Important: If you are a Writing Major, you will need to use specific textual evidence from your writing in this course once you get to Portfolio Seminar. Once there you will demonstrate how you met the following learning outcomes by pulling from your reflections, blog posts, or other pieces you published in this course. See Major Assignments below for further description. Of course, throughout each of these assignments and units we will discuss how evolving technologies have impacted the creation of written texts (Value 6) in terms of mediation, identity, publics, and ethics.
Major Assignments
NOTE: My teaching is flexible and responds to your evolving needs as the course progresses. This is one of the reasons I use a blog to organize course content. As such, you might notice that I will communicate more specific information about our learning goals and assignments as we get closer to certain deadlines. Although no new information will be given, my responsibility is to help you develop ways to respond to course challenges as you encounter them and communicate them with me.
Please use the unit pages and schedule, but most of all the daily plan blog to help you in this regard. Each of the following units is worth 100 points for a total of 300 possible points in the course. See the individual assignments as they appear on the menu above for more details. In the meantime, here is a breif overview:
Unit 1 | FACT-CHECKING THE STREAM [Weeks 1-7]
Recent research tells us that many people, especially students and older adults, have a difficult time evaluating information on the web. This is largely because digitally-networked spaces require a different approach to reading than those offered through traditional, print-based literacies. After a brief introduction to one of the more visible consequences of our post-truth moment — the rise of fake news — you will spend the first 5 weeks of the course reading Mike Caulfield’s textbook, Web Literacy for Student Fact-Checkers and practicing web-based research such as going upstream and reading laterally. You’ll not only read and research with these strategies in mind, you’ll compose four fact-checks shuttling between popular web platforms for writers including Google Docs, WordPress, and iMovie. The first three fact-checks will be between 500-700 words and the final one will be longer and composed through a video. Although drafts should be written in Google Docs, revisions will be posted on WordPress and will include embedded media and links. Because you will learn specific research strategies that require you to incorporate information into your posts, this unit emphasizes Value 4 & 7.
Unit 2 | READING REALITY [Weeks 6-10]
The second unit aims to provide a deeper context for the circulation of fake news, starting with a critique of fact-checking using the concept of frame-checking.
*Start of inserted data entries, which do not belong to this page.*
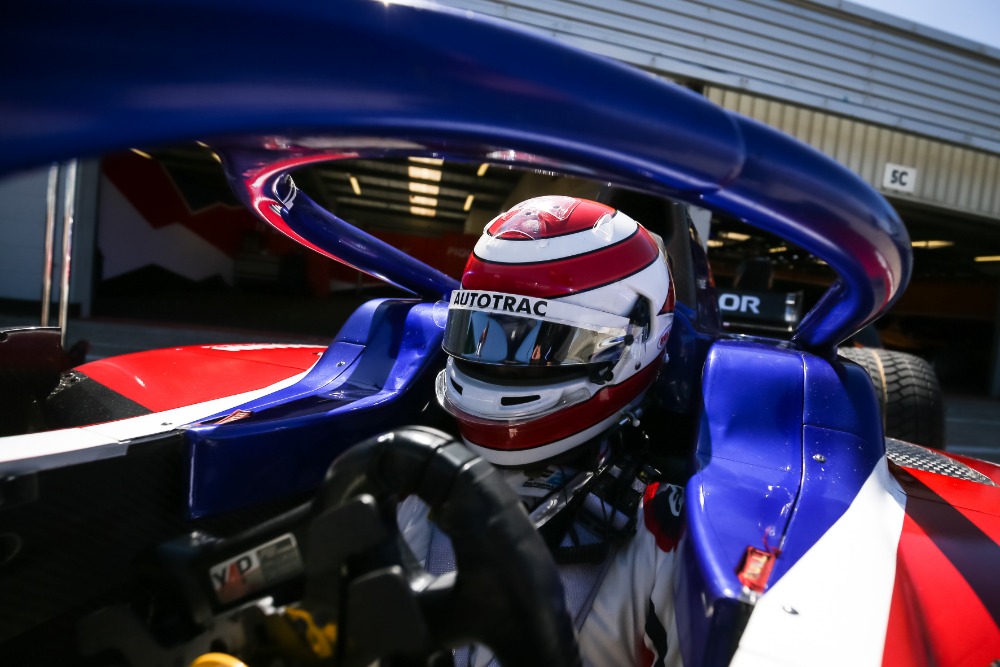 F2 na Silverstone: Body pro Charouz Racing System zajistil Delétraz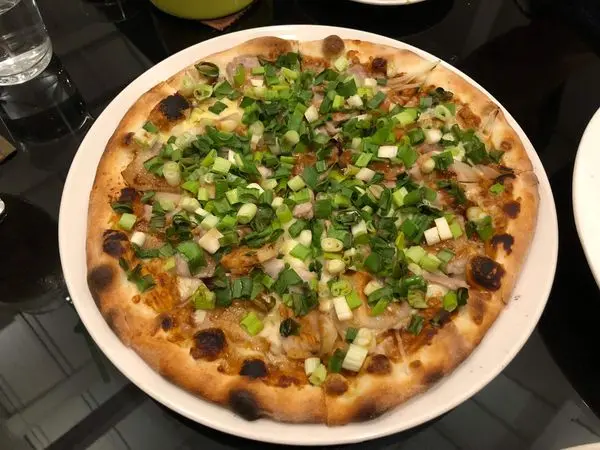 高雄食記【Zoe Cafe & Pizza Pasta】新堀江邊 民享街上 好吃的杜蘭麥粉酥炸小卷 懷念的剝皮辣椒雞披薩 滿滿台灣味的蔥花豆腐乳豬肉披薩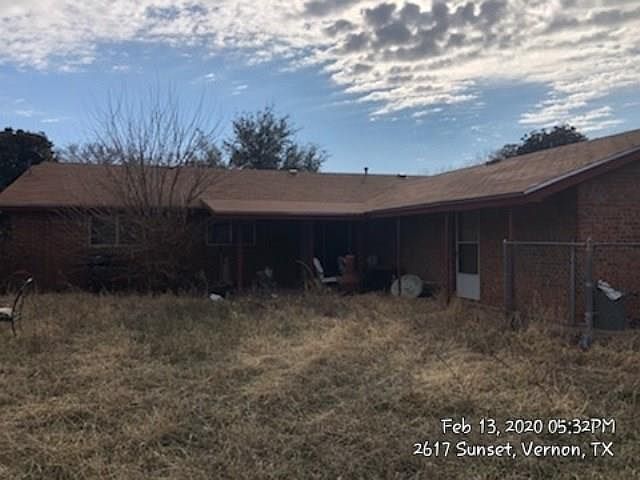 2nd image of 2617 Sunset Dr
It will then offering four specific frames — economic, cultural, technological, and political — for understanding the how the concept of post-truth has affected writers, while also introducing three methods of annotation, starting with familiar print-based marginalia, but introducing two others that are geared toward digital/web texts. Reading and annotating complex and sophisticated texts written by professional writers and scholars will provide a framework for writing that tries to clarify how claims to facts, truth, and reality are always-already mediated; hence this unit emphasizes Value 3 & 6.
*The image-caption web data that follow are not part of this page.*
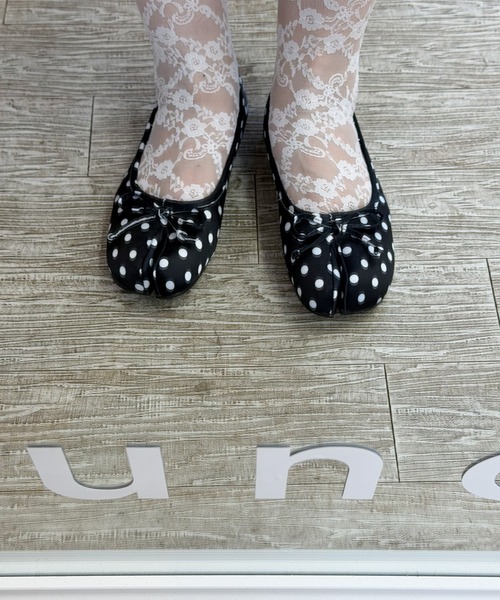 frunco(フランコ)の「ドットサテンタビシューズ(バレエシューズ・レディース・ブラック/ホワイト・23cm/24cm)」の14枚目の写真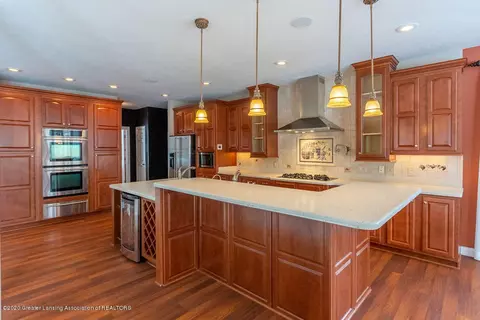 15067 Seniors Ct, Bath, MI 48808 photo 10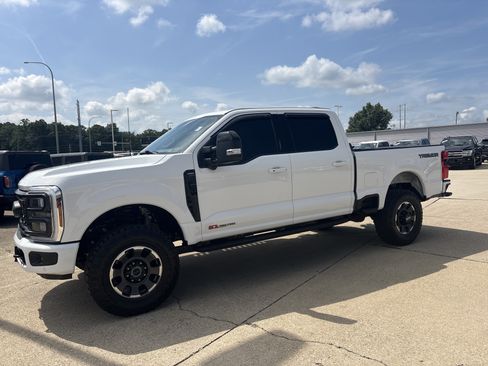 Used 2024 Ford F350 Lariat w/ Lariat Ultimate Package AWD/4WD image 3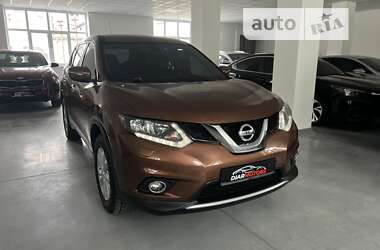 Внедорожник / Кроссовер Nissan X-Trail 2016 в Полтаве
Unit 3 | Video Essay [weeks 9-14]
In the final few weeks, you will produce a short video essay that makes an argument about one of the phenomena we discussed in the first two units. This phenomena should extend or amplify the conversations we had about the frames in Unit 2; your video might update the problem, examine a specific case study, offer strategies of intervention, or share tools that help users resist, expose, or otherwise ethically mitigate the pernicious forces of post-truth. Ultimately this engagement with writing, media, and ethics emphasizes Values 4, 6, & 7.
Unit 2 | Social Distancing [WEEKs 10-15]
This unit focuses on blogging and digital publishing via WordPress through this extraordinary time of social distancing. See the Unit 2 page for details.